• _TASK TO CARRY OUT_
Set every entry below down once more, exactly as it stands, without images.

• _THE INPUT_
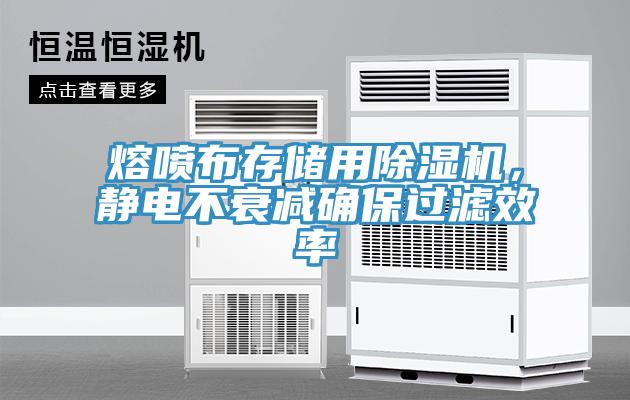 熔噴布存儲用除濕機，靜電不衰減確保過濾效率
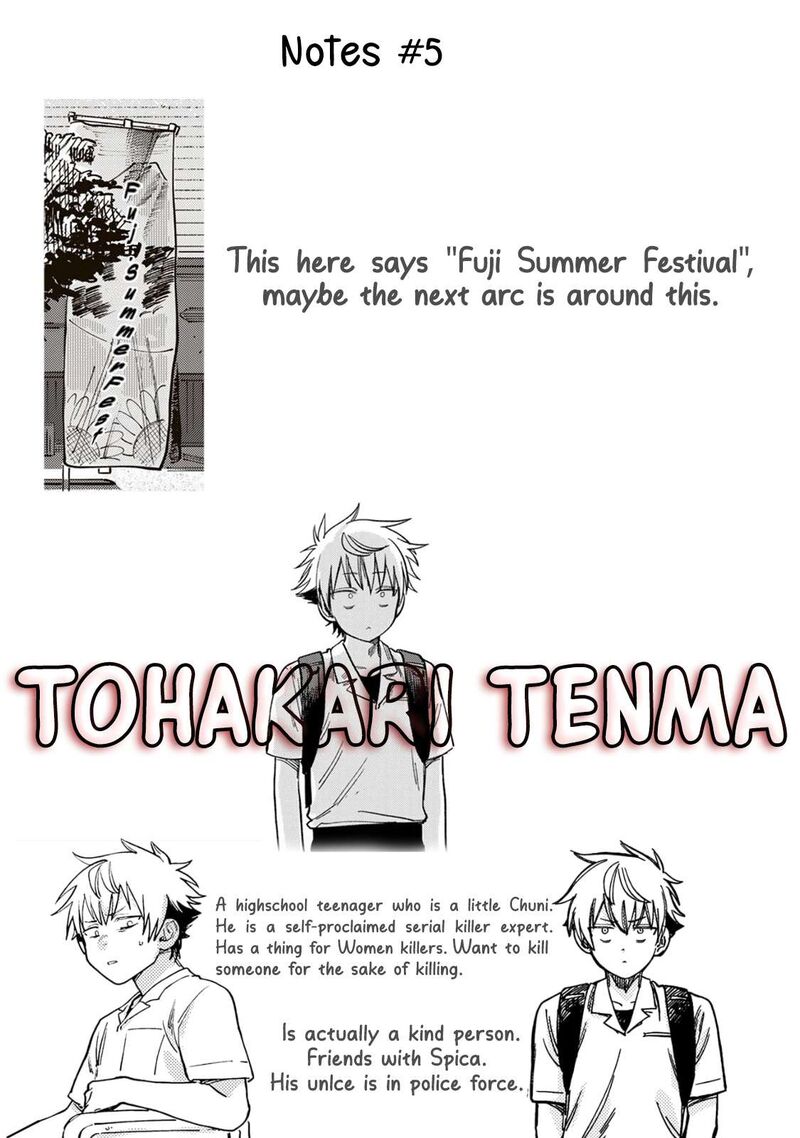 Tsumi To Batsu No Spica Chapter 30 Page 18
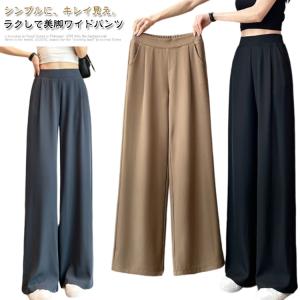 ワイドパンツ 夏 オフィス 美脚 おしゃれ タック デザイン 秋 タックデザインパンツ パンツ ワイドパンツ ワイド 黒 パンツ 着回し レディース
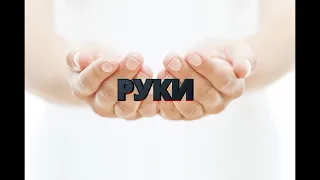 Дикламация "Руки" Детский лагерь - Вавилон - Церковь "Путь Истины" Июнь, 2018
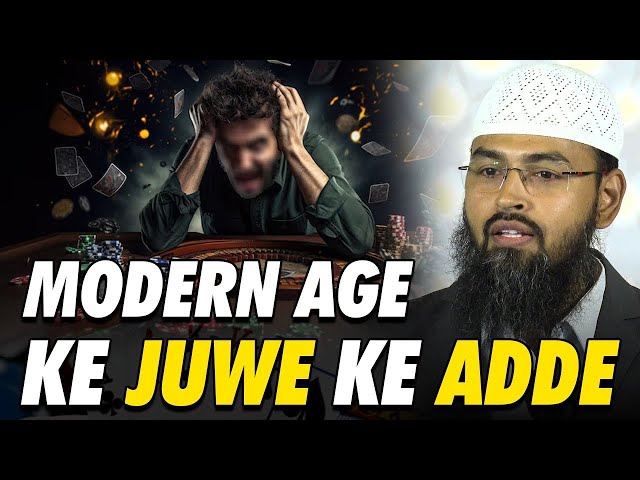 Modern Age Ke Juwe Ke Adde By Adv  Faiz Syed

• _TASK OUTPUT_
 熔噴布存儲用除濕機，靜電不衰減確保過濾效率
 Tsumi To Batsu No Spica Chapter 30 Page 18
 ワイドパンツ 夏 オフィス 美脚 おしゃれ タック デザイン 秋 タックデザインパンツ パンツ ワイドパンツ ワイド 黒 パンツ 着回し レディース
 Дикламация "Руки" Детский лагерь - Вавилон - Церковь "Путь Истины" Июнь, 2018
 Modern Age Ke Juwe Ke Adde By Adv  Faiz Syed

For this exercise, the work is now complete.